Our research at the NeuroLeadership Institute finds better feedback conversations mark the smartest place to start.

We define growth mindset as the dual belief that employees’ skills can be improved and that improving those skills is the point of the work people do. The trouble many companies run into, however, is getting people to seek out improvement. Growth mindset is uncomfortable. It requires people to confront their weaknesses, which may feel like personal shortcomings.

Regular feedback conversations, in which people ask for feedback rather than give it unsolicited, may help people see challenges as opportunities, not threats.

Real lessons from fake negotiations

NLI recently published a study that included 62 people from a major consultancy, who were asked to engage in a mock negotiation. Each negotiation was one on one. Researchers behind the study hooked subjects up to heart rate monitors. During the negotiation and in feedback conversations afterward, the heart rate monitors tracked people’s physiological responses.

Findings indicated that feedback-givers were just as stressed out as askers. However, those givers who were asked for feedback showed less heart-rate reactivity than givers made to give feedback unprompted.

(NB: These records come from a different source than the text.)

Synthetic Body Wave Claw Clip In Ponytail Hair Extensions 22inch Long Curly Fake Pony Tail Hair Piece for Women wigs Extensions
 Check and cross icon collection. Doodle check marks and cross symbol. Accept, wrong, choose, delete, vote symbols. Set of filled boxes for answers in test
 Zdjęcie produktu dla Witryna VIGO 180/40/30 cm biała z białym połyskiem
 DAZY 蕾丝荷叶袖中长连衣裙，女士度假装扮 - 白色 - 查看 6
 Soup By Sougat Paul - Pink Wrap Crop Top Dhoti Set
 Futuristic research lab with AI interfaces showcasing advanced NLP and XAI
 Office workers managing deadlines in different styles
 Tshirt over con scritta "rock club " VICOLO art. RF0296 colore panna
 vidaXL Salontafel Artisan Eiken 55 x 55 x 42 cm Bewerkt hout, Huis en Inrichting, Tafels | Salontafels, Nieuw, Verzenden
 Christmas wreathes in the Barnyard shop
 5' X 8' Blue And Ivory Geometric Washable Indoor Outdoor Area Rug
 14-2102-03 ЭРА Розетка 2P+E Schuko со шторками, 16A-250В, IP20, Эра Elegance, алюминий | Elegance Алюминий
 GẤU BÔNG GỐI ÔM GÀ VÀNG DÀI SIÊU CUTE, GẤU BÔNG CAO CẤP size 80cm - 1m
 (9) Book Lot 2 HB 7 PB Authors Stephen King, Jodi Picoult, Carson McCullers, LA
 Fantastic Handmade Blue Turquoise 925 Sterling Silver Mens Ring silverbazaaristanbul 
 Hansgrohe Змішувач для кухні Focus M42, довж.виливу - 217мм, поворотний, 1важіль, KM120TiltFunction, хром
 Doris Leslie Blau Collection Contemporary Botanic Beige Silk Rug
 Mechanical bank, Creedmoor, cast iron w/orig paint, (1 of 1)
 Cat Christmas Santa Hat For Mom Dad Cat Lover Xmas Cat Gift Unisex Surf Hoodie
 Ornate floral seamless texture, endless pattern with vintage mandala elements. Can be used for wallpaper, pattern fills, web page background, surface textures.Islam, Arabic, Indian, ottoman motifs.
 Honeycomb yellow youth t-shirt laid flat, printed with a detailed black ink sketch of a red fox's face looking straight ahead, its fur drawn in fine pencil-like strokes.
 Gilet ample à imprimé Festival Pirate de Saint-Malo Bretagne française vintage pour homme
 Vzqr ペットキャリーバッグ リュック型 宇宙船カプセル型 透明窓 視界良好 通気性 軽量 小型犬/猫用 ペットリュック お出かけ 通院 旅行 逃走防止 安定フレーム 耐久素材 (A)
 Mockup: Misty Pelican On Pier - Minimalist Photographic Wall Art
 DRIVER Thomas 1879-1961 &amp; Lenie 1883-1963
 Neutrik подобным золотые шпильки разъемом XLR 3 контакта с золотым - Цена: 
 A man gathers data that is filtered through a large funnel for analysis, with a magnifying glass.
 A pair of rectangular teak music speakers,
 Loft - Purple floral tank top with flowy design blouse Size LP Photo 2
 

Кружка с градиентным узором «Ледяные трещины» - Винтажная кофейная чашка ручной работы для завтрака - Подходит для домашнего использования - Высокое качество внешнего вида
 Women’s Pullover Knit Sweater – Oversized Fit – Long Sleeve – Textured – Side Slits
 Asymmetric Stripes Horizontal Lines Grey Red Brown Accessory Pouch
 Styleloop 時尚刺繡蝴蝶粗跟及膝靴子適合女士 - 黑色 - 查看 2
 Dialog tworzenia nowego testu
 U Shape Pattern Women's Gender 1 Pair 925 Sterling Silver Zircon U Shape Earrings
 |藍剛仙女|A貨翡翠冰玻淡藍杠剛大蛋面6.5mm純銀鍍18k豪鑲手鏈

We draw a lot of conclusions from the study. In terms of growth mindset, the biggest one is that asker-led feedback conversations are a lower-stress way for teams to discuss performance. If leaders can encourage team members to ask for explicit feedback on a regular basis, we contend that employees will gradually begin to view critiques as less threatening. They’ll focus less on failures and more on growth. They’ll welcome challenges, not shy away from them.

Start small to go broad

Leaders play a crucial role in modeling this behavior. According to NYU psychologist Tessa West, an NLI senior scientist and the study’s lead author, it’s still threatening to start asking for feedback. So leaders can use small-stakes questions to get people thinking in terms of improvement, rather than pure wins or losses. For instance, a manager can ask her team what they thought of her eye contact during the last meeting.

Performed over and over again, across departments, asking for feedback could hold the power to send a growth mindset rippling across an entire organization. And it all begins with the decision to ask the right questions.